(授業前の素読 荘子二十一 徳充符篇第五)
哀公曰く、何をか才全しと謂うと。
仲尼曰く、死生存亡、窮達貧富、賢不肖、毀誉、寒暑は、是事の変にして命の行なり。
知も其の始めを規(うかが)うこと能(あた)わざる者なり。
故に以て和を滑(みだ)すに足らず、霊府に入るべからず。
これをして和豫(わよ)せじめ、物と春を為す。
是接(つ)ぎて時を心に生ずる者なり。
是を才全しと謂うと。
何をか徳形(あらわ)れずと謂うと。
曰く、平なる者は水の停(とど)まりの盛なり。其れ以て法と為すべし。
内にこれを保ちて外に蕩(うご)かざればなり。
徳なる者は成和の修なり。
徳の形(あらわ)れざる者は物離るること能(あた)わざるなりと。
【大体の意味内容】
哀公はたずねた、「様々な才能が完全であるとは、どういうことであるか」と。
孔子は答えた、「死亡と生存、貧窮と栄達、賢と愚、毀(こぼ)れと誉(ほま)れ、寒さと暑さなどは、事象の変化であり、万物の生命運動です。

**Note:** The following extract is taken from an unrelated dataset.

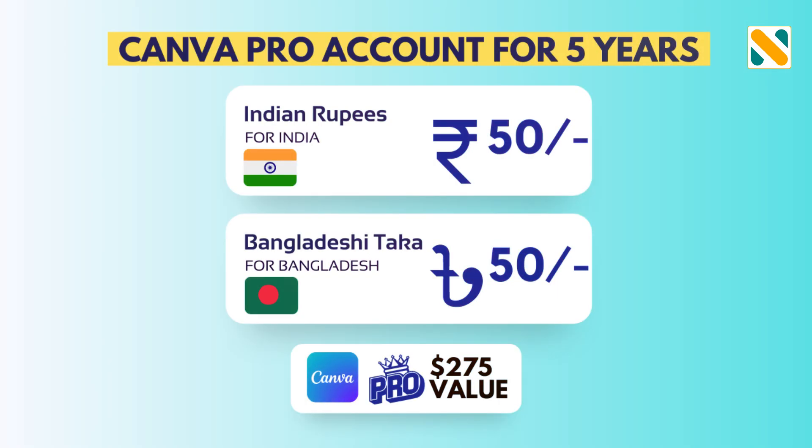If you want to purchase the Canva Pro for only 50 Taka, check the description.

人間の知性ではその根本始原をうかがい知ることはできません。
したがって、そのような変成流転の現象が宇宙の本質的調和を乱すということはありませんし、
霊的な核心にまで侵入してくることはできません。
万物の生々流転をも、大いなる調和の現れとし、異なる物と物との融合が、新魂(あらたま)の春を為すのです。

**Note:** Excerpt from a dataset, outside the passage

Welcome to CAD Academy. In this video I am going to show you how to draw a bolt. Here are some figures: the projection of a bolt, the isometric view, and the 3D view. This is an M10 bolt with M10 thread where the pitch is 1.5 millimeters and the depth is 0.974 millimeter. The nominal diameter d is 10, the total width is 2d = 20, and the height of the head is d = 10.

そのようにして様々な和合生成の連続としての時の流れを人々の心に生みつけて行くような才能、
つまり天・地・人・神の四才(しさい)全てを整わせてしまう仁徳を、
『才全(まった)し』というのです。」
「ではそのような仁徳が外に現れないというのはどういうことであるのか。」
「平衡とは、たとえば水が静止したように見えるのも、実は水分子どうしは盛んに働きかけあっていることでバランスが保たれているという、動的な平衡であるのです。
こうしたダイナミズムが、万物をあらしめる法則です。
内部では想像を絶するすさまじさで命ある要素がぶつかり合っているが、その激しさは外には見えず、
無為無風の静けさとしか見えないわけです。
それと同様に、一見柔和で穏やかな、何事にも激昂することのない仁徳者は、
実は誰よりも世の中の矛盾や不条理に敏感で、悪辣なものへの怒り、虐げられるものの哀しみ、絶望などをすべて抱え込み、苦しみのたうち回る思いを宥和(ゆうわ)し修整する者です。
仁徳を表面に表したりひけらかしたりしない者は、そのようにあらゆるマイナスのストレスを一身に引き受けてくれる者であるから、
おぞましい情念を持て余した者たちは、それを受け入れてくれる彼に引き寄せられ、離れることができなくなってしまうのでしょう。
【お話】
醜男(ぶおとこ)哀駘它(あいたいだ)シリーズの3回目最終回です。
生物学者福井伸一氏の「動的平衡」理論が、二千年以上前のこの『荘子』にハッキリと展開されていることにまず驚かされます。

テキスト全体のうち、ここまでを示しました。